L’AUSTERITÀ NON RISOLVE IL PROBLEMA DEL DEBITO

Il rapporto Draghi in due passaggi sembra che parli direttamente al nostro Paese e agli altri Stati membri che si trovano in situazioni analoghe. Da un lato suggerisce che i paesi Ue si impegnino in percorsi di debito più sostenibili. “Io non sono d’accordo con Draghi. Ritengo che gli ultimi 12 anni abbiano dimostrato che l’austerità nelle finanze pubbliche non risolve il problema del debito – argomenta il professore -. Gli anni ‘10 hanno dimostrato che un paese come l’Italia, che ha avuto consistenti avanzi primari, si è ritrovato con un debito più alto perché gli avanzi primari hanno depresso la crescita. Dunque, il problema non è nel rapporto Draghi ma nella nuova versione del Patto di stabilità che è stata peggiorata rispetto alla proposta della Commissione”.

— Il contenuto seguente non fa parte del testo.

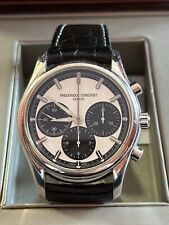 Frederique constant rally usato  Verderio Inferiore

IL RAPPORTO DRAGHI SUGGERISCE DI DEROGARE DAL DIRITTO DI VETO

L’altro punto che può interessare l’Italia è l’invito ad approfondire l’integrazione europea ed estendere le materie in cui si procede, in sede europea, per voti a maggioranza qualificata. “Personalmente sono sempre stato favorevole a esperimenti di ‘Europa più velocità’, sul modello Schengen, quindi un nucleo forte con Francia, Italia, Spagna, Germania più altri paesi che vorranno aderire – aggiunge in professore -. Quanto alla maggioranza qualificata io vedo un clima politico molto difficile, le opinioni pubbliche nazionali in molti paesi non sembrano favorevoli a cedere il diritto del proprio paese di utilizzare il veto. Dobbiamo ricordare che la volontà popolare si esprime attraverso i parlamenti e i governi nazionali, bisogna capire le ragioni dei cittadini”.

MATERIE CRITICHE: NON ESISTE PIÙ IL PRINCIPIO DEL LIBERO COMMERCIO

Ulteriore passaggio molto interessante e alquanto avveniristico è quello sulla politica economica estera europea. Secondo Mario Draghi “per ridurre le sue vulnerabilità, l’Ue deve sviluppare una vera e propria ‘politica economica estera’ basata sulla sicurezza delle risorse critiche”. Una questione spinosa con la quale l’Europa sta cercando di relazionarsi. “Qui siamo nel mare aperto, nel senso che l’establishment di cui Draghi è parte si reso conto che le norme che hanno governato l’economia mondiale fino a qualche anno fa non esistono più – spiega il docente -. Quindi non esiste più il principio assoluto del libero commercio. Già da tempo gli Usa e l’Ue stanno cercando un approccio che si adatta, caso per caso, alle questioni internazionali. Questo approccio riguarda anche le forniture sulle materie critiche”.

Del resto, fu proprio la Commissione, qualche anno fa, a pubblicare una tabella che indicava quali fossero le materie prime critiche di cui l’Europa necessitava. “Siamo entrati in un mondo diverso, in un mondo assolutamente non stabile, nel quale bisogna muoversi senza sbattere né sugli scogli di Scilla, quindi dei dogmi del libero commercio, né su quelli di Cariddi, cioè un ritorno ai nazionalismi – chiosa il prof. Viesti -. Sarebbe un balzo indietro di un secolo. Il tema dei prossimi anni è trovare una rotta che ci tenga al riparo da entrambi. Il nuovo mondo richiede capacità di governo, poter compiere scelte. La Cina lo fa, gli Stati Uniti anche ma non l’Europa. Ecco il rapporto Draghi mi sembra il simbolo di un inizio, di un percorso di transizione dal vecchio mondo verso un nuovo che ancora non si vede”.